Macy’s shares dropped over 14% on Monday morning after the retailer announced it was ending its collaboration with two investment funds attempting to take it over.
The company stated it was halting its partnership with Arkhouse Management and Brigade Capital Management, which had proposed a $5.8 billion buyout in December.
“Our team continues to be singularly focused on creating value for our shareholders,” said Macy’s CEO Tony Spring. “While it remains early days, we are pleased that our initiatives have gained traction, reinforcing our belief that the company can return to sustainable, profitable growth, accelerate free cash flow generation, and unlock shareholder value.”
Macy’s began collaborating with the funds in April after they increased their offer to $6.6 billion, even granting them two seats on its board. However, the rest of the board concluded that the financing behind the offer was not secure and that Arkhouse-Brigade lacked a solid plan for the company’s future.
Macy’s has been working on turning things around after struggling for years in the shifting retail landscape, unveiling a reorganization strategy called “A Bold New Chapter” months after the Arkhouse-Brigade takeover attempt. The strategy focuses on simplifying operations by closing stores and targeting higher-end customers.

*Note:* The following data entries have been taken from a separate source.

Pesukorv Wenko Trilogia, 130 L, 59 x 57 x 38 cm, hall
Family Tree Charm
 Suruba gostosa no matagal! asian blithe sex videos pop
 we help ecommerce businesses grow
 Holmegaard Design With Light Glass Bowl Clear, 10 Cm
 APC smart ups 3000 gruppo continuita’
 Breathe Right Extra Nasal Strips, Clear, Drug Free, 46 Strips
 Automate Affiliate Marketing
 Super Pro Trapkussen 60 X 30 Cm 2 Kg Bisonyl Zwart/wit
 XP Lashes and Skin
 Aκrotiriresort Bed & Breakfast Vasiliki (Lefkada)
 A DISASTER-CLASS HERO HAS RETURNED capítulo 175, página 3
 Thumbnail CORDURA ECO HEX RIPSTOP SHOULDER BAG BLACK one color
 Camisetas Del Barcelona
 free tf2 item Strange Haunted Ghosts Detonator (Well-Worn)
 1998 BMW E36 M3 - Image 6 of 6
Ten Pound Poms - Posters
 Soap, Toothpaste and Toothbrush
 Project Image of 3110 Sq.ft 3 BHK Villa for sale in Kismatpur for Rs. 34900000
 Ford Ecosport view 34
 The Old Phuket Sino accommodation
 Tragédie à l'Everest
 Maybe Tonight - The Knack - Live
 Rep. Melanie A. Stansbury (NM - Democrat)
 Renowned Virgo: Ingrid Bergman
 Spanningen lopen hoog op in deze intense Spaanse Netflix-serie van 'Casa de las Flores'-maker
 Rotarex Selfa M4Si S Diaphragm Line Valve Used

“The Board unanimously determined that the latest Arkhouse and Brigade proposal remains non-actionable and fails to provide compelling value to Macy’s, Inc. shareholders,” the company said in its announcement. “The Board believes continuing diligence is not warranted or in the best interests of shareholders given: 1) the significant uncertainty that Arkhouse and Brigade’s financing could or would ultimately be completed given the substantial conditionality in their financing papers; 2) the less than compelling value proposed; and 3) the significant distraction for the management team at a critical point in the execution of the company’s strategy.”